Светила полная луна, но Саймон не рискнул отдергивать шторы в кабинете Хью Мейтленда. Было уже за полночь, однако кто-нибудь мог увидеть его в окне. Пламя тоненькой свечки поблескивало на проволоке, которой он ковырял в замке письменного стола Мейтленда. Он повернул проволоку, осторожно высвобождая язычок замка. Тихий щелчок эхом отдался в стенах пустого кабинета. И тут до слуха Саймона донесся звук шагов.
Он быстро загасил свечку пальцами. Затаив дыхание, прислушался. Шаги были женские. Туфельки легко ступали по паркету. Женщина прошла мимо, затем дверь в библиотеку растворилась и затворилась снова. Через несколько мгновений полоска света появилась под дверью, соединяющей кабинет и библиотеку.
Итак, кто-то из женщин или девиц семейства Мейтленд решил совершить полуночный набег на библиотеку. Наверняка Фиби. Девчонка все время сидит, уткнув свой хорошенький носик в книжку. В пятнадцать лет она все еще живет полной приключений жизнью, которую можно найти в переплетенных в кожу томах. Что ж, и он до двенадцати лет жил книгами. А потом пришла пора приключений, оказавшихся вполне реальными.
Он сидел, скорчившись за письменным столом Мейтленда, прислушивался к тихим звукам, доносившимся из библиотеки, и чувствовал себя предателем — таким же, как таинственный злодей, которого ему было поручено изловить. Он слишком привязался к этим людям. Слишком привязался к Эмили.

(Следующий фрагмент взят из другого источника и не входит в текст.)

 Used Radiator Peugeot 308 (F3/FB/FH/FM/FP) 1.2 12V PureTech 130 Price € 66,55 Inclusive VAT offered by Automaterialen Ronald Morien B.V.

Прошла неделя с тех пор, как она в него стреляла, и за это время ему удалось в значительной мере разрушить ее оборонительные укрепления. Однако оказалось, что и в его собственной обороне пробита брешь. Он желал эту красивую рыжеволосую тигрицу. Но желал не мимолетной связи. Он хотел получить ее навсегда.
Он прижался лбом к краю стола Хью Мейтленда. Люди погибают из-за предателя. Злодея необходимо остановить. Пусть даже ценой счастья целой семьи. Даже ценой собственных надежд на то, что когда-нибудь он сумеет завоевать любовь прекрасной дамы.

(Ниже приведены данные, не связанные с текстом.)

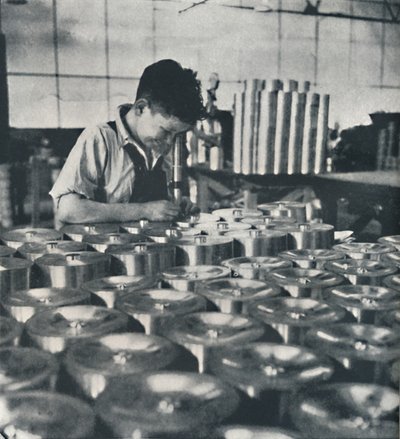 学徒用显微镜测试活塞的硬度，1941年 作者 塞西尔·比顿（Cecil Beaton）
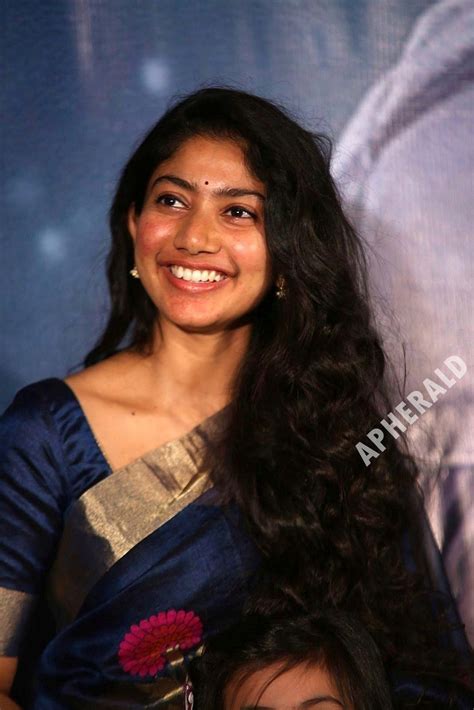 Sai pallavi for jfw magazine. Actress Sai Pallavi Latest Blue Colour Saree Photos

Эмили неожиданно проснулась. С того злосчастного дня она все время плохо спала. Какая-то часть ее бодрствовала. Она прислушивалась, не раздадутся ли какие-нибудь тревожные звуки с постели, где спит мужчина, которого она едва не убила.
К негодяю с каждым днем возвращались силы. И скоро исчезнет предлог, под которым она отказывалась спать в одной постели с ним. Сегодня он провел почти весь день на ногах. Играл с ней в шахматы. И выиграл все партии. Может, этот тип и не помнит своего имени, но стратегию, которой он держался в игре, не забыл. И все же доктор Чизон с мрачным видом твердил ей, что не стоит прежде времени радоваться. В случае ранения в голову ухудшение может наступить неожиданно.
Она посмотрела на постель, залитую лунным светом. Покрывало было откинуто, простыня смята.
Негодяя в постели не было.
Эмили села. Покрывало свалилось с кресла-кушетки, на котором она спала. Эмили вспомнила предостережение доктора Чизона: «Глаз с него не спускайте. Он может повести себя странно. Может уйти из дома, в надежде понять, кто он такой».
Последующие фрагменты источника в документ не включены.